DATA SHOWN Block Start

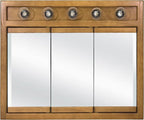 Design House Richland Medicine Cabinet with 5 Lights, Fully Assembled, Wall Mounted, 3 Mirrored Doors, Wood Frame, Oak Finish, 36 in x 5 in x 30 in, 530618-NOK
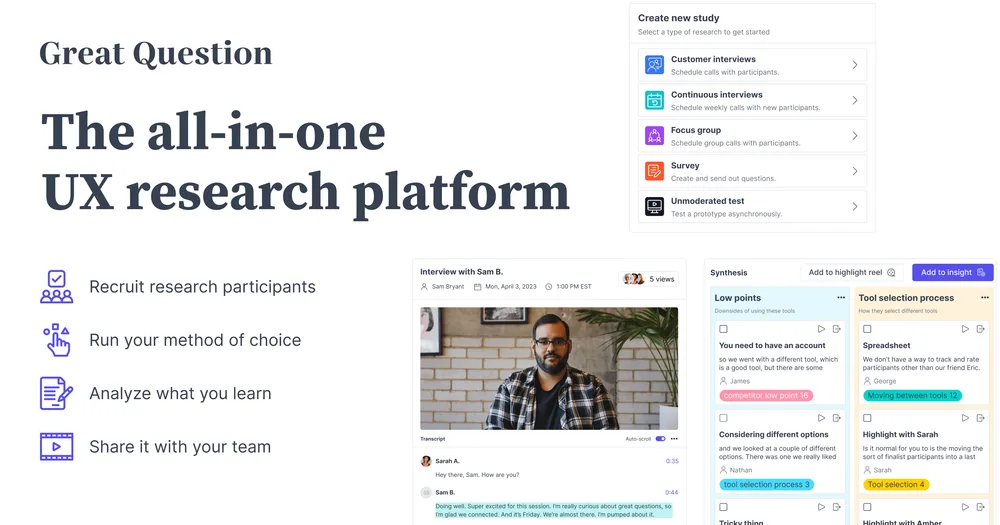 Great Question, Inc ChatGPT ad — The first read/write MCP for UX research in Enterprise & Fintech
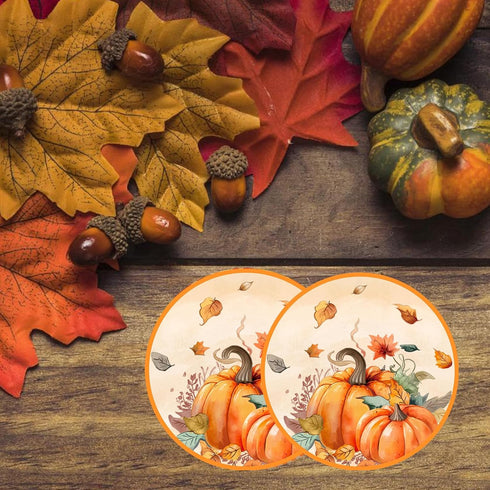 YLOIJO 7'' Set 24 Thanksgiving Maple Leaves Pumpkin Paper Plates for Fall, Disposable Dinnerware Autumn Harvest Happy
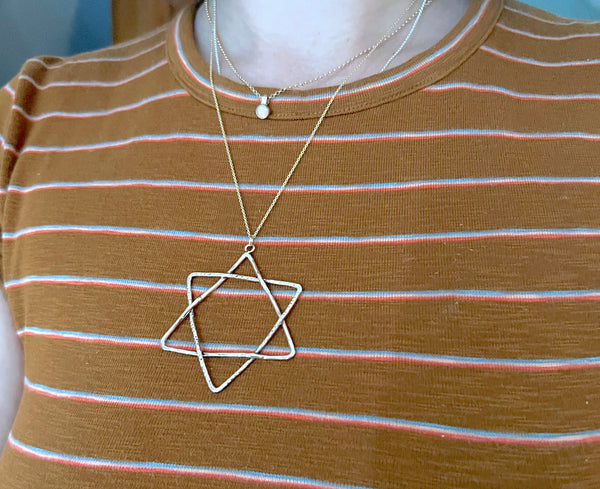 Giant Jewish Star Pendant in 14k Goldfilled Wire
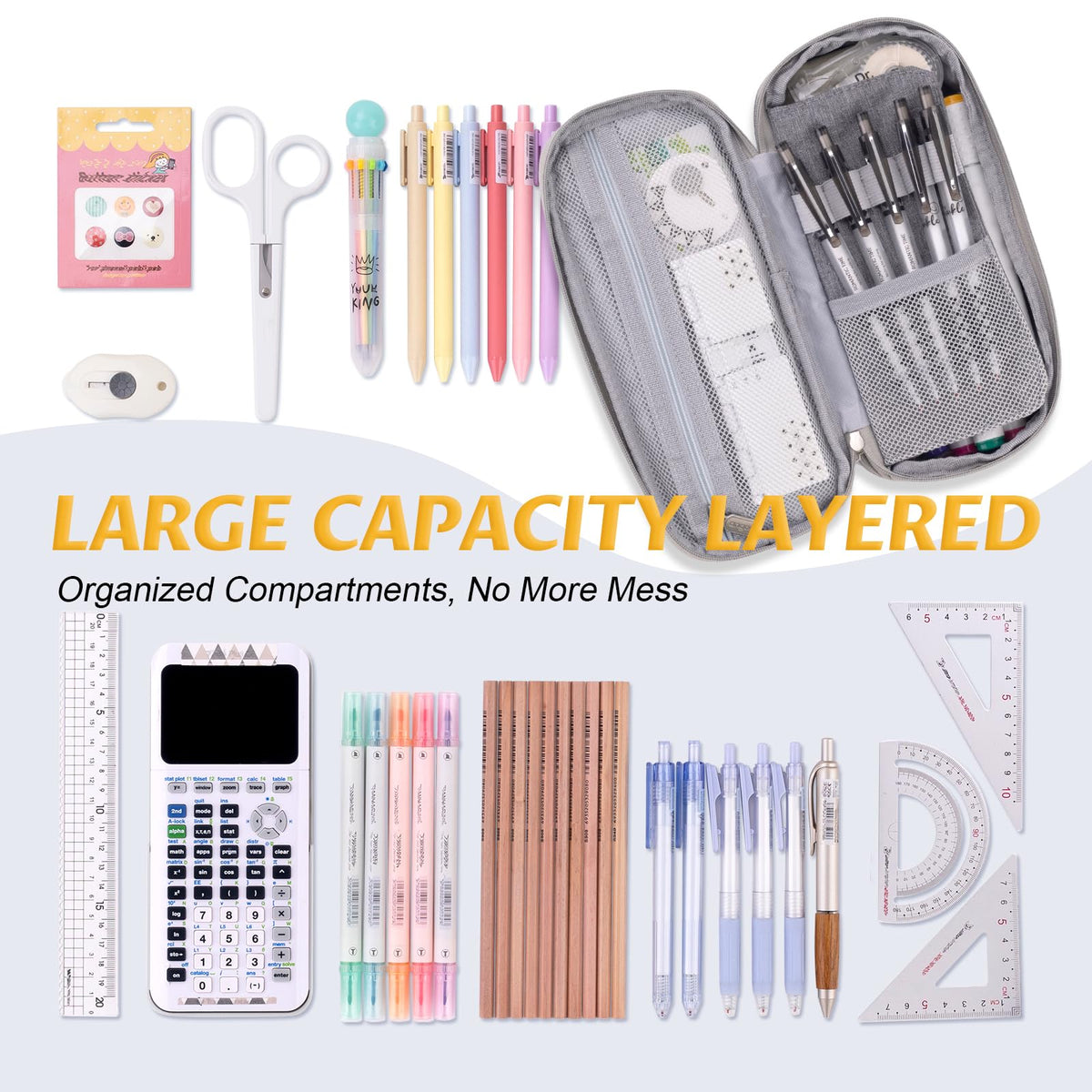 EASTHILL Big Capacity Pencil Pen Case Office College School Large Storage High Capacity Bag Pouch Holder Box Organizer (Gray)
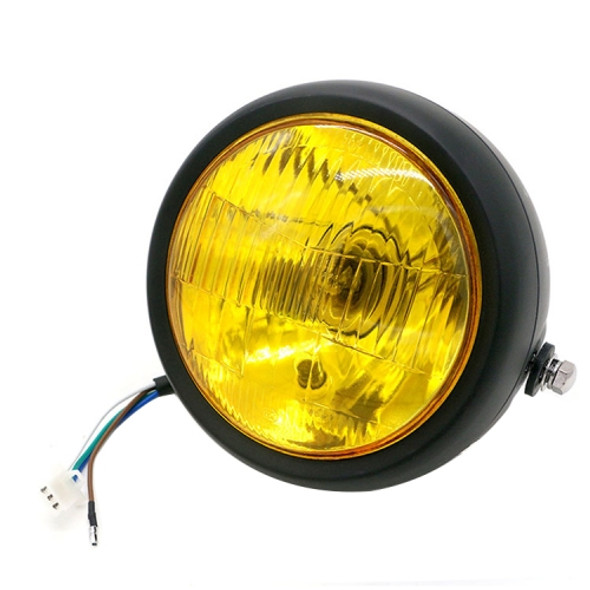 Motorcycle Black Shell Retro Lamp LED Headlight Modification Accessories for CG125 / GN125 (Yellow)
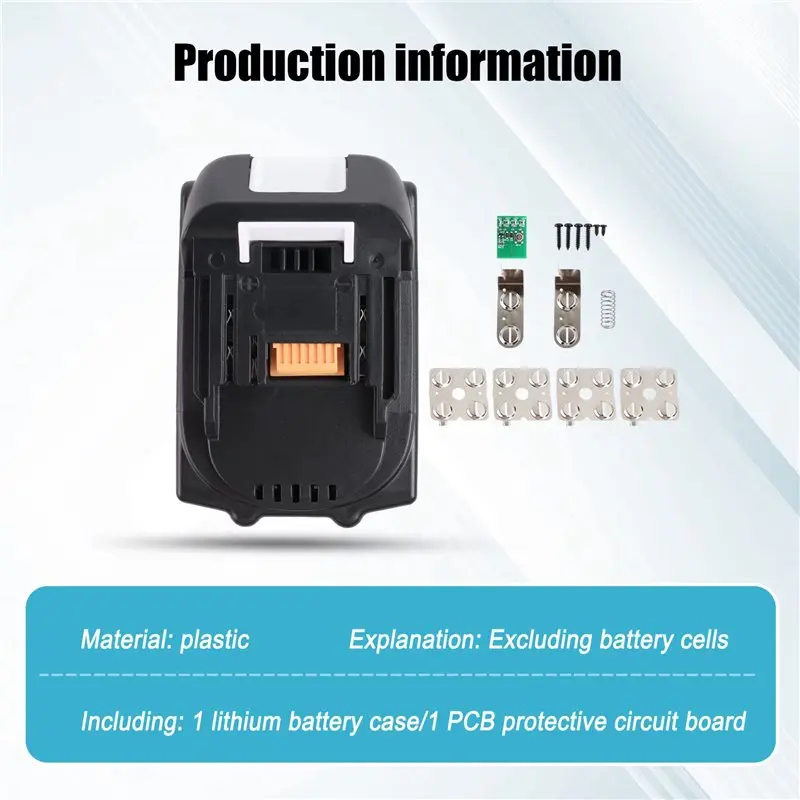 ABUG-3X BL1830 Lithium Battery Case BMS PCBA Balance Charging Protection Board Shell For 18V BL1860B 6.0Ah LED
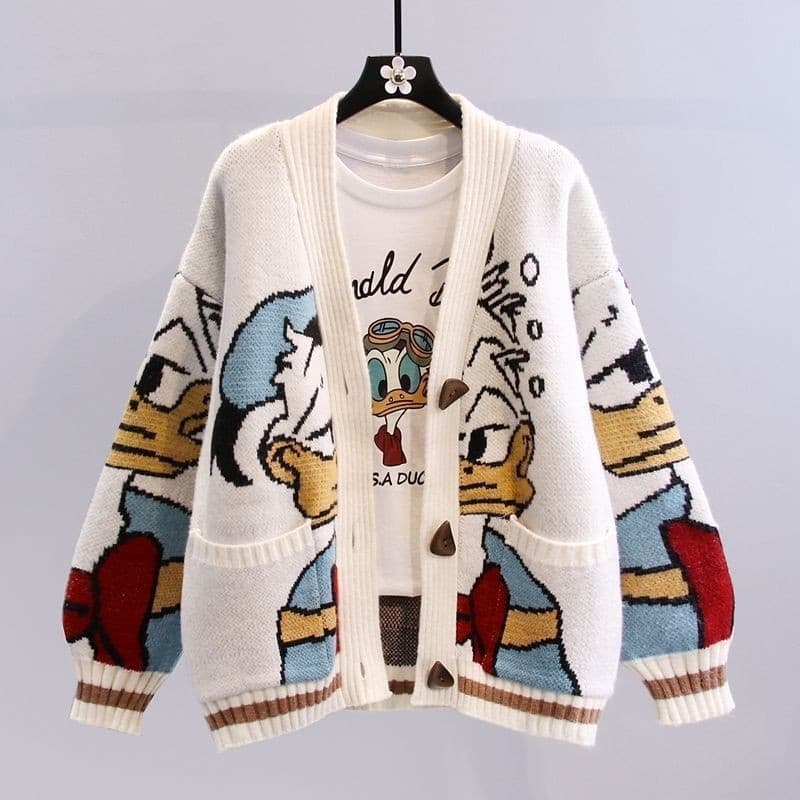 Women's Loose and Thick Knitted Cardigan Sweater Jacket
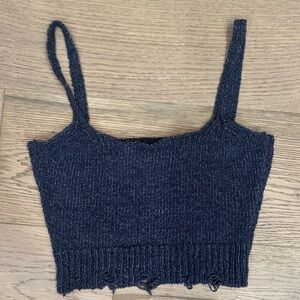 Zara Blue Knit Crop Top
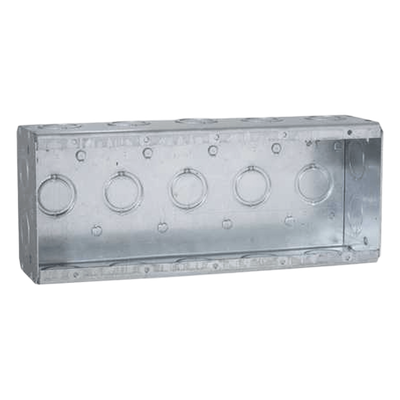 Caja Multigang / 5 Gang / Profundidad 2.5 in / 19 Entradas 1/2″-3/4″ / Capacidad 79.5 cu. in / Acero Galvanizado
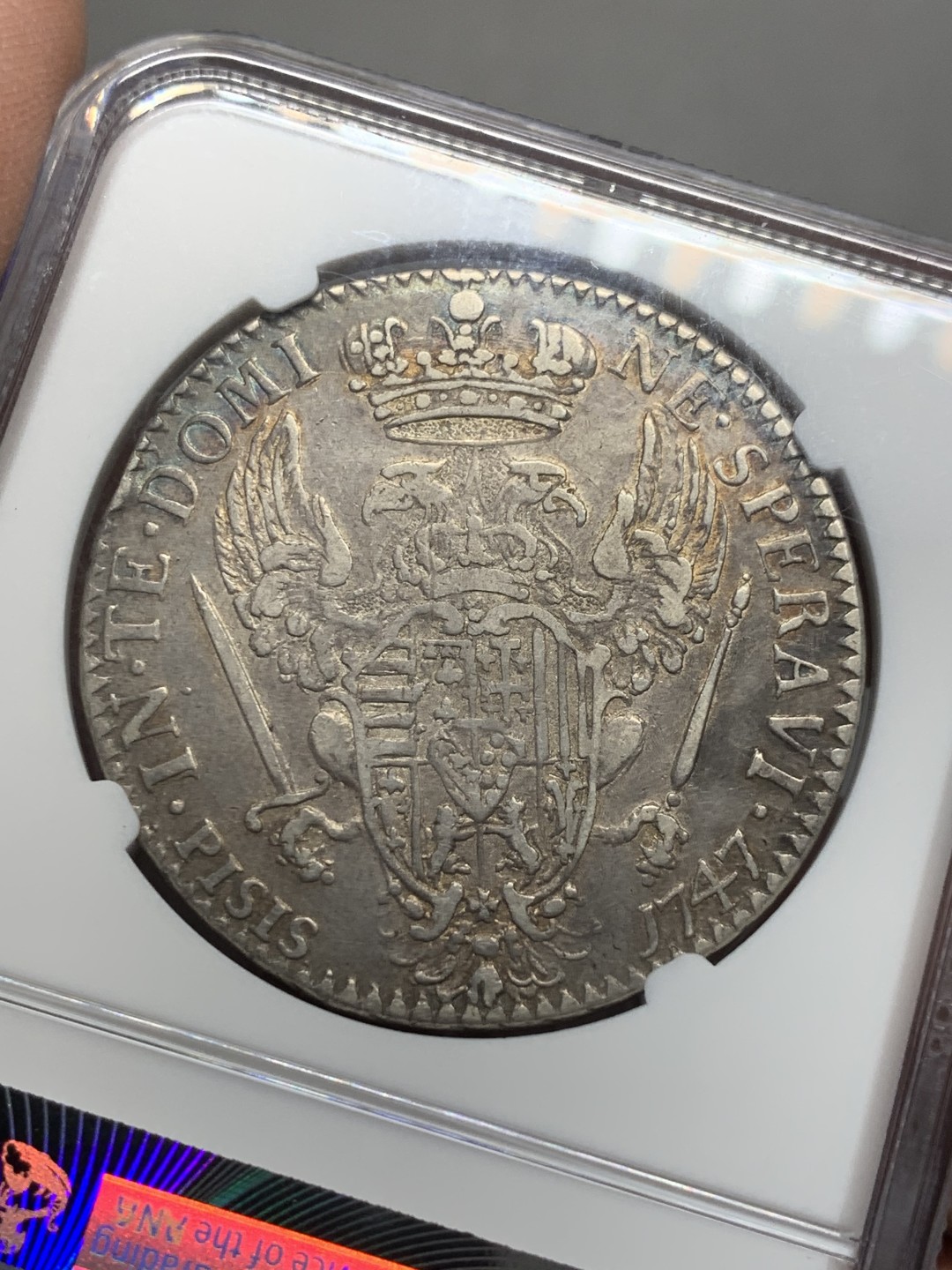 《竞宝斋》第134场-周日，周一连拍 (全场包邮) NGC-VF35意大利托斯卡纳10Paoli银币，神罗皇帝弗朗茨一世，单年份版别，NGC仅三个出分，亚军分，灰色包浆光泽均匀，David Vice名家旧藏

DATA SHOWN Block End

» EXERCISE REQUIREMENTS: Reproduce exactly the lines above from the one with "Great Question, Inc" through the last line of the data, keeping both ends and dropping the pictures.

» EXPECTED OUTPUT:
 Great Question, Inc ChatGPT ad — The first read/write MCP for UX research in Enterprise & Fintech
 YLOIJO 7'' Set 24 Thanksgiving Maple Leaves Pumpkin Paper Plates for Fall, Disposable Dinnerware Autumn Harvest Happy
 Giant Jewish Star Pendant in 14k Goldfilled Wire
 EASTHILL Big Capacity Pencil Pen Case Office College School Large Storage High Capacity Bag Pouch Holder Box Organizer (Gray)
 Motorcycle Black Shell Retro Lamp LED Headlight Modification Accessories for CG125 / GN125 (Yellow)
 ABUG-3X BL1830 Lithium Battery Case BMS PCBA Balance Charging Protection Board Shell For 18V BL1860B 6.0Ah LED
 Women's Loose and Thick Knitted Cardigan Sweater Jacket
 Zara Blue Knit Crop Top
 Caja Multigang / 5 Gang / Profundidad 2.5 in / 19 Entradas 1/2″-3/4″ / Capacidad 79.5 cu. in / Acero Galvanizado
 《竞宝斋》第134场-周日，周一连拍 (全场包邮) NGC-VF35意大利托斯卡纳10Paoli银币，神罗皇帝弗朗茨一世，单年份版别，NGC仅三个出分，亚军分，灰色包浆光泽均匀，David Vice名家旧藏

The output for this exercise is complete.